What is any-function?

>> type? :break
== native!
>> type? :func
== function!
>> type? :add
== action!
>> type? :+
== op!

Any-function is a pseudotype which includes function!, action!, op!, and native! (i.e. the action any-function? returns true for any of these). Try

help native!
help function!

etc

to get a list of the currently defined values of that type.

Other pseudotypes are series, any-block, and any-string. This topic is discussed (to some extent) in the docs. Elan's book provides more info.

Larry Palmiter

Using reverse

>> index? reverse "abcd"
== 5

>> head reverse "abcd"
== "dcba"

Elan

The Does function

Use does when your function does not require arguments or locals.
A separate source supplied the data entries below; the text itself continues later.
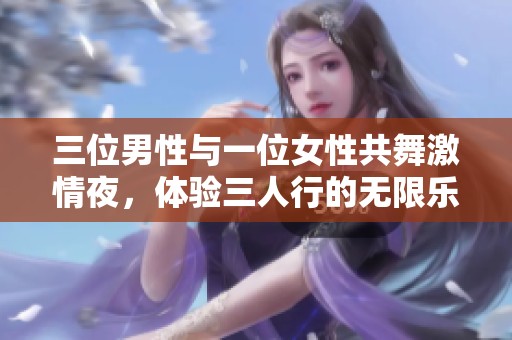 三位男性与一位女性共舞激情夜，体验三人行的无限乐趣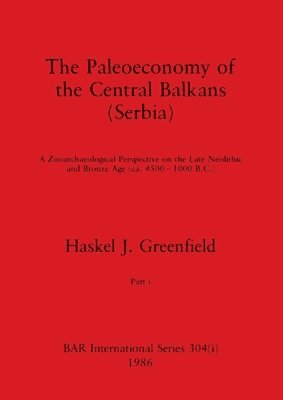 Haskel J Greenfield, Haskel J. Greenfield - Paleoeconomy of the Central Balkans (Serbia), Part i, Häftad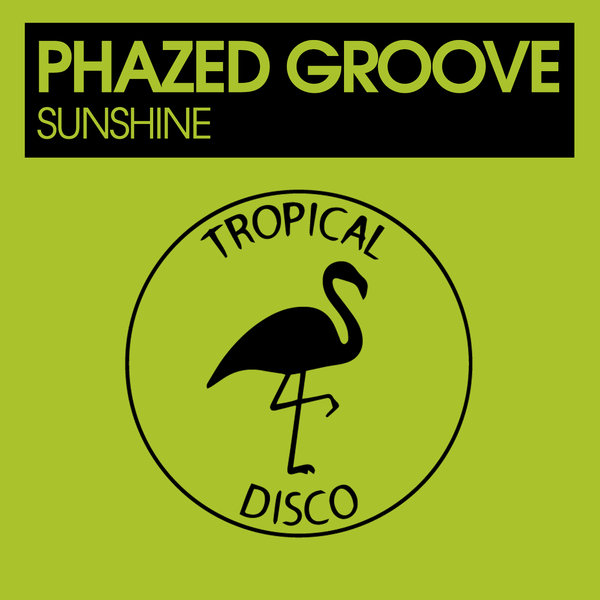 Phazed Groove - Sunshine / Tropical Disco Records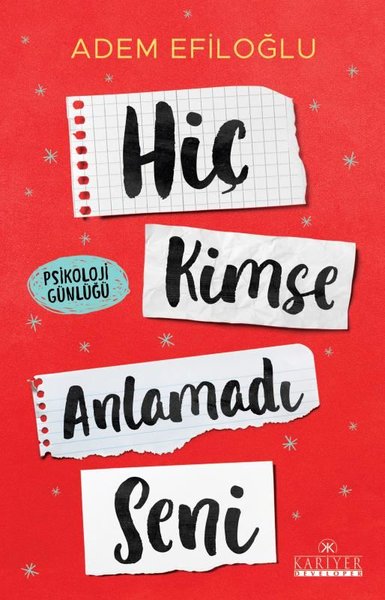 Hiç Kimse Anlamadı Seni - Psikoloji Günlüğü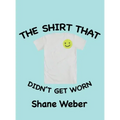 The Shirt that Didn't Get Worn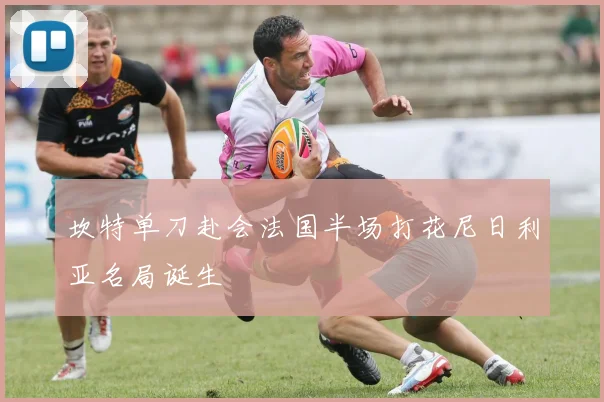 坎特单刀赴会法国半场打花尼日利亚名局诞生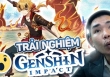 Chuyển sang chơi Genshin Impact, nam streamer nổi tiếng của 'Lửa Tự Do' vấp phải phản ứng của fan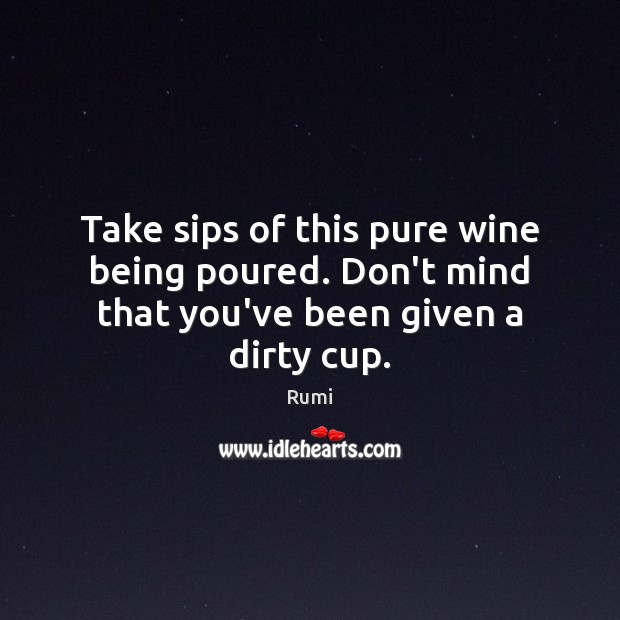 Take sips of this pure wine being poured. Don’t mind that you’ve been given a dirty cup. Rumi Picture Quote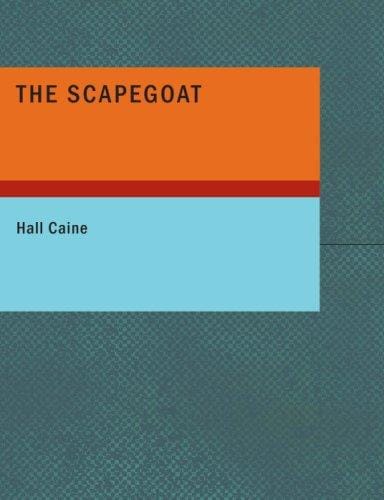 The Scapegoat (Large Print Edition): A Romance and a Parable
e.g instead of using func with a an empty arg block print-hello: func [][print "Hello"]

use print-hello: does [print "Hello"]

Allen Kamp

Testing if a word exists

> Two questions: > 1) How may I query rebol to verify whether a word exists? > 2) How may I query rebol to verify whether a member of an object exists?
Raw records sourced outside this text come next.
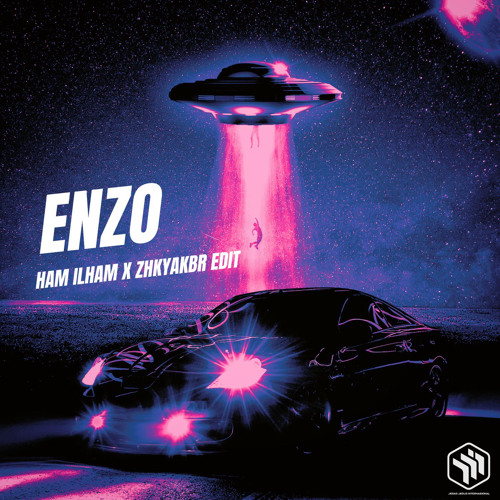 ENZO - ( ZHKYAKBR X HAM ILHAM EDIT)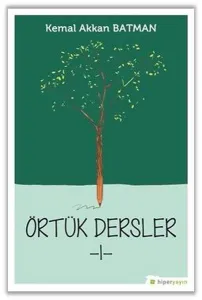 Örtük Dersler I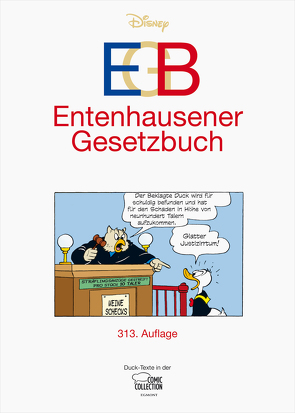 EGB – Entenhausener Gesetzbuch von Buchholz,  Manuela, Disney,  Walt, Penndorf,  Gudrun, Presta,  Sérgio, Syllwasschy,  Gerd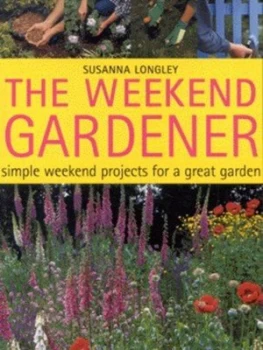 Image of The Weekend Gardener by Susanna Longley Book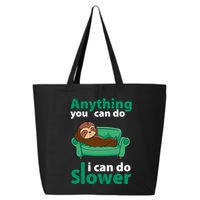 Anything You Can Do I Can Do Slower 25L Jumbo Tote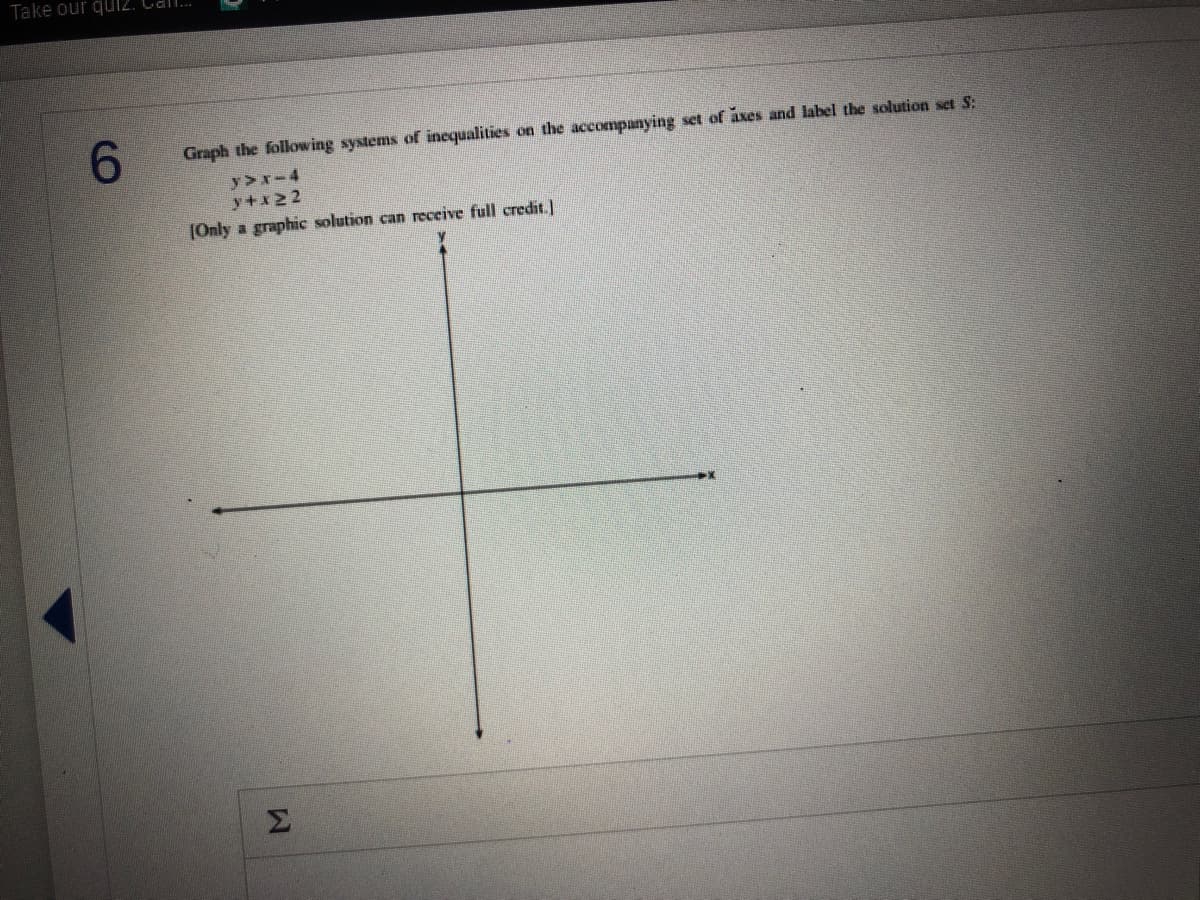 Take our qui2. Cal.
6.
Graph the following systems of inequalities on the accompanying set of axes and label the solution set S:
y>x-4
y+x22
(Only a graphic solution can receive full credit.]
Σ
>> value? 'print == true >> value? 'antidisestablishmentarianism == false >> o: make object! [m: "mmmmmmmm"] >> in o 'antidisestablishmentarianism == none

Andrew Martin

Words with values

> I've tried to use a part of rebdoc.r to generate a list of all words > before and after a function call.. The problem is that I also get a > million of words that has no values in my lists, and this makes the > function unusable for the purpose I was thinking of. > > The purpose was to generate a list before a function call, and compare > it to a list generated afterwards, to see if a function by mistake has > created new words.
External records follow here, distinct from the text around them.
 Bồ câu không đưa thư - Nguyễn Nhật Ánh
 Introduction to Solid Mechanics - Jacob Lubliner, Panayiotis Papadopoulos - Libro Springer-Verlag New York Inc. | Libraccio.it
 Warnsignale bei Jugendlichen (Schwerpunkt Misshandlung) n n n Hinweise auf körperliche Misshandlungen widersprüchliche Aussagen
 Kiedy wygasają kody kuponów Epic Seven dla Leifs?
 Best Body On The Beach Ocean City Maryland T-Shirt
words-with-vals: has [word-list] [
    word-list: copy []
    foreach word first rebol/words [
        if not error? try [get in rebol/words :word] [append word-list word]
    ]
    word-list
]

Larry Palmiter

binary!

Think of binary as a string represented in hexadecimal.

>> to-char #{14}
** Script Error: Invalid argument: #{14}
** Where: to-char
** Near: to char! :value
>> series? #{14}
== true
>> first #{14}
== 20

So #{14} is a series of bytes (of length 1). If we want to convert to characters, we have to get one character-sized part.

>> to-char first #{14}
== #"^T"

This means that there are a bunch of expressions that numerically evaluate to 20...

>> to-integer #{14}
== 20
>> to-string #{14}
== "^T"
>> to-integer #"^T"
== 20
>> to-integer first "^T yadda, yadda, yadda"
== 20

And back again...

>> to-binary "^T"
== #{14}

Now, remember your ASCII codes:

>> to-integer #"2"
== 50
>> to-integer #"0"
== 48
>> to-hex 50
== #00000032
>> to-hex 48
== #00000030

So, when you convert directly from integer to binary, you're getting an implicit string conversion in the middle:

>> to-binary 20
== #{3230}
>> to-char first to-binary 20
== #"2"
>> to-char second to-binary 20
== #"0"
>> to-string to-binary 20
== "20"

pick and poke binary

"Can someone help me with the following error? Why can I swap elements of a string! with pick and poke, but not the elements of a binary! ?"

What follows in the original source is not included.